Victory Base Complex, a site ringed by 42 km of blast walls and razor wire, was the US nerve center for the Iraq war almost from the moment American troops entered the capital and pulled down Saddam's statue in 2003.
The handover of Victory Base to Iraq's government was a big step in the US pullout from Iraq as Washington consolidates its presence in Baghdad at its sprawling embassy on the Tigris River in the capital's heavily fortified Green Zone.
Fewer than 500 US troops remain in the capital, according to a US official. About 12,000 troops are still in Iraq, down from a peak of about 170,000 at the height of the war. All of the remaining forces are due to leave by the end of this year, except for a small contingent of under 200 attached to the US Embassy.
The top US war leaders from Ricardo Sanchez to David Petraeus to the current commander, Gen. Lloyd Austin, lived at one of Saddam's villas on the base, a 20-room, 25,000-square-foot mansion where King Hussein of Jordan was said to have liked to fish off the back porch during Saddam's reign.
US officials said Saddam built the network of palaces and villas and a complex of lakes on the grounds, including his Victory over America palace feting the 1991 Gulf War, in which US forces drove Iraq out of Kuwait, and the Victory over Iran palace commemorating the 1980s campaign against his neighbor.
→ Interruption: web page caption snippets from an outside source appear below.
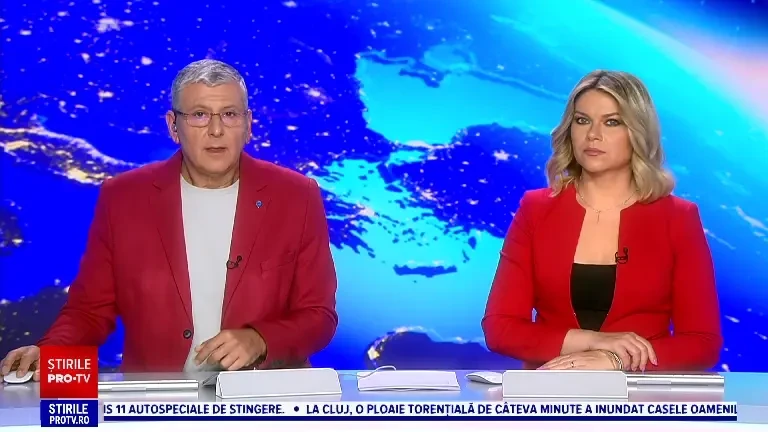 Festivalul stradal de la Galați a adus o explozie de culoare pe străzi. La paradă au participat zâne, îngeri și dragoni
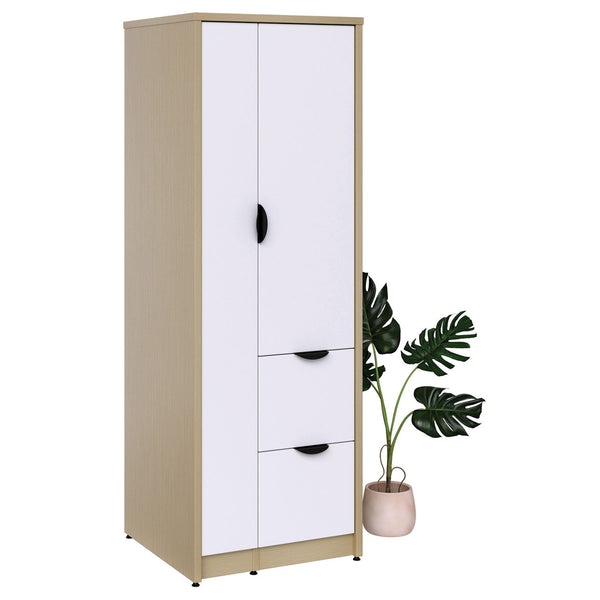 Storage-Wardrobe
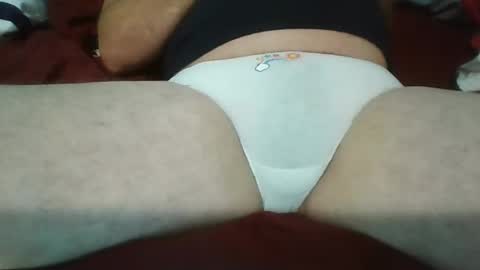 Snapshot of justcdshh chatting on 12/20/24, 01:22 justcdshh online show from 12/20/24, 01:22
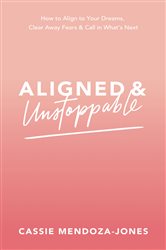 Aligned and Unstoppable | Free Book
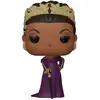 Image de Bridgerton - Figurine POP! Lady Danbury 9 cm
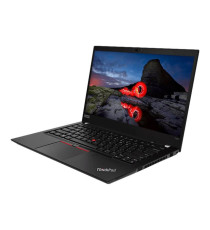 [A- ]Laptop Lenovo ThinkPad T490 / i5 / RAM 8 GB / SSD Disk / 14,0″ FHD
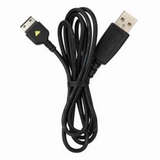 Cables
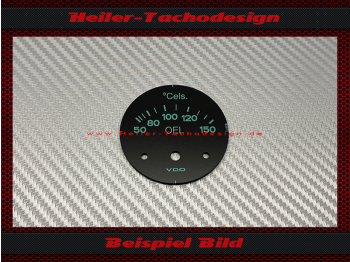 Speedometer Discs for the Conversion of US Models Porsche Speedometer Discs for the Conversion of US Models Porsche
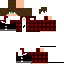 Texture for CrazyCrafter0411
US forces used as their war operations center Saddam's Al-Faw Palace, a 450,000-square-foot edifice of 62 rooms, including 29 bathrooms, designed with France's Versailles in mind and decorated with French provincial furniture.
US officials said they left behind a massive, throne-like wooden chair given to Saddam by Palestinian leader Yasser Arafat.
Saddam Hussein was imprisoned at Victory Base for about two years in a maximum-security facility built in the bombed wreckage of a villa once used by security forces headed by his son Uday, US officials said.
"Building 114," as US troops knew it, was located on a small island in a lake, connected by a causeway and a drawbridge, and was shared by Saddam and his henchman, Ali Hassan Al-Majeed, or Chemical Ali. Both were executed.